Function Order: Fe-Si-Ne-Ti

Mary is incredibly straightforward with her opinions and feelings; she will immediately address things with other people, in the way Fe-doms do. They are direct and want to clear the air. She wastes no time in telling people to get out of her way, or in unburdening her heart with them. She also knows how to play a successful game of politics, by going along with and appeasing powerful people while strategizing for her own future. Even though her faith separates her from her brother, Mary is able to mother him and win over his approval, allowing her to remain safely at court. She’s politer and more able to form alliances than Elizabeth, but also refuses to stay anywhere she does not feel free to be true to her beliefs. Instead of conforming and converting like her brother demands, she leaves the court for the safety of the country and other like-minded Catholics. She comes to be with Elizabeth on the day of Seymour’s execution, since she assumes “no one wants to be alone” (Elizabeth says she does, in fact, want to be alone, but Mary cannot fathom this). She is very attached to her beliefs, which support longevity in some form. Si is all about connecting to what has endured across the centuries and what is sustainable in the future; such as the monarchy, her place in the line of succession, her acceptance of a male lineage (feeling grateful that she is ‘unimportant’ so long as Edward lives), and being aware of the parameters of being a woman in her own time period. She works within the system, rather than attempts to reform it, and does so successfully. But she also shows some low Ne in her indecision; she fears for her personal safety, and thinks about leaving England for Spain, but changes her mind at the last minute. She will not abandon her home, but seek to reform it, as she plans for her own potential future (even though she cannot be sure the throne will ever be hers). Her flaws come from low Ti – she isn’t always aware of her own biases and does not question her conclusions enough. She over-relies on her emotions and loyalty to the Church, rather than question its validity. Mary wants to feel secure in her beliefs, not to wonder if they might be wrong. And she will not compromise on them, even if it costs her greatly.

Enneagram: 6w5 sp/so

Mary is both interested in creating alliances for her own personal safety and in playing a long-term game of keeping herself out of trouble. She cautions Elizabeth several times not to trust people and says that only confide in God, since he’s the only one that can be trusted (and will not share your secrets). After Elizabeth gets into trouble with Thomas Seymour and is implicated in a plot to steal the throne, Mary gives her the equivalent of an “I told you so” speech (a pure 6 tactic; I warned you, I saw this coming, and you didn’t listen, so you’re an idiot).

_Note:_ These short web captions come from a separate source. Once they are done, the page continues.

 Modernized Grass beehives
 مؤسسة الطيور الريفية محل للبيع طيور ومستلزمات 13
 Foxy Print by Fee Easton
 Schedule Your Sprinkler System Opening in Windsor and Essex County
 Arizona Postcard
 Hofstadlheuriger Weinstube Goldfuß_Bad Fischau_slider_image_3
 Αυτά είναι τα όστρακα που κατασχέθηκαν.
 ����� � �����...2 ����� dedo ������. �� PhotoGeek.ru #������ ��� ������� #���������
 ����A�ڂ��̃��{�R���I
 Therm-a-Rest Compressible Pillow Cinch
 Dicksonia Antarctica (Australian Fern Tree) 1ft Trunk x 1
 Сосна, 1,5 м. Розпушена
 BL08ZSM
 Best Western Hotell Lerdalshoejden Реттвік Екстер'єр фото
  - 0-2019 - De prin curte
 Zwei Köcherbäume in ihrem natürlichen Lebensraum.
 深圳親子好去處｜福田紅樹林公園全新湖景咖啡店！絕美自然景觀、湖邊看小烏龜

She tries to draw people to her, so she isn’t alone, always seeking security through togetherness; first with Elizabeth, then her attempts to win over her brother, then with the Spanish ambassador, and even with Somerset at the end. She is also surprisingly tolerant of differences and welcomes people being honest and truthful with her; she doesn’t tell the ambassador who she is, since she enjoys being spoken to frankly for once. Her 5 wing makes her suspicious of others and somewhat withdrawn; she fears the consequences of trusting the wrong people, and puts her faith mostly in an institution. She is fiercely loyal to the Catholic Church, but also afraid that she might be persecuted or even executed for her beliefs, even if she’s unwilling and unable to change them. Over time, we see her grow in determination; she will not abandon England, but ‘reform it’ and return it to the true faith. (6w5s can often become attached to institutions as their source of stability.)